Today, the remains of the Theater of Marcellus are visible beneath the fortified palazzo on top. At the time of its construction in 11 BC, it could hold 14,000 spectators. If the structural design looks familiar, it’s because it inspired the design of the Colosseum some 60 years later.
In the 1300s it was acquired by the Fabii family who turned it into a fortress. Later the Orsini family acquired it in the 16th century and hired an architect to convert it into a palazzo. The residential structure you see on the top three floors is that conversion. Today the palazzo has been divided up into multiple apartments. How cool would that be to live in a 16th century palace built on 1st century BC foundations?
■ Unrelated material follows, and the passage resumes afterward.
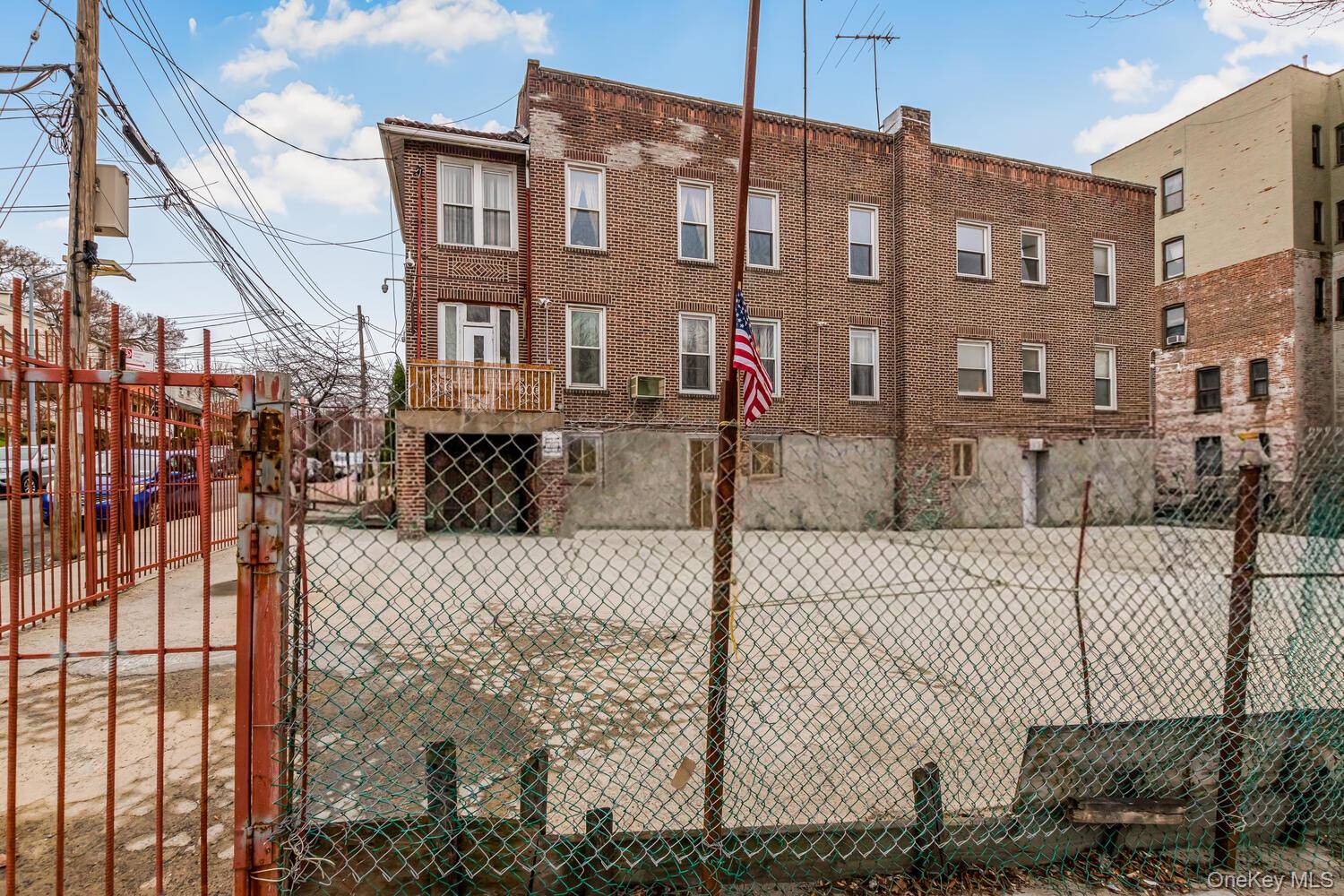 210 W 179th ST, Bronx, NY 10453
Under the heading of “who wears it better?” – Which works better, the black-and-white or the color?
Immediately behind the theater is the ruins of the temple of Apollo Sosianus (so named for the man responsible for reconstructing it in the style we see today). There was a temple to Apollo on this site since the 5th century BC. It was originally outside the main city boundaries because it was a foreign cult, imported from Greece. It sits directly across the Roman street from the Theater of Marcellus. Because of the proximity to the city walls, the Senate chambers and the theater, many backroom political deals were struck in its chambers.
The three columns you see today were re-discovered and re-erected in the 1930s after the demolition of an apartment building to re-expose to view the Theater of Marcellus. The columns’ pieces were found in the arcades of the theater. While they have been placed on the pedestal and re-topped with their capitals and frieze, it is highly unlikely that they are in their actual original positions.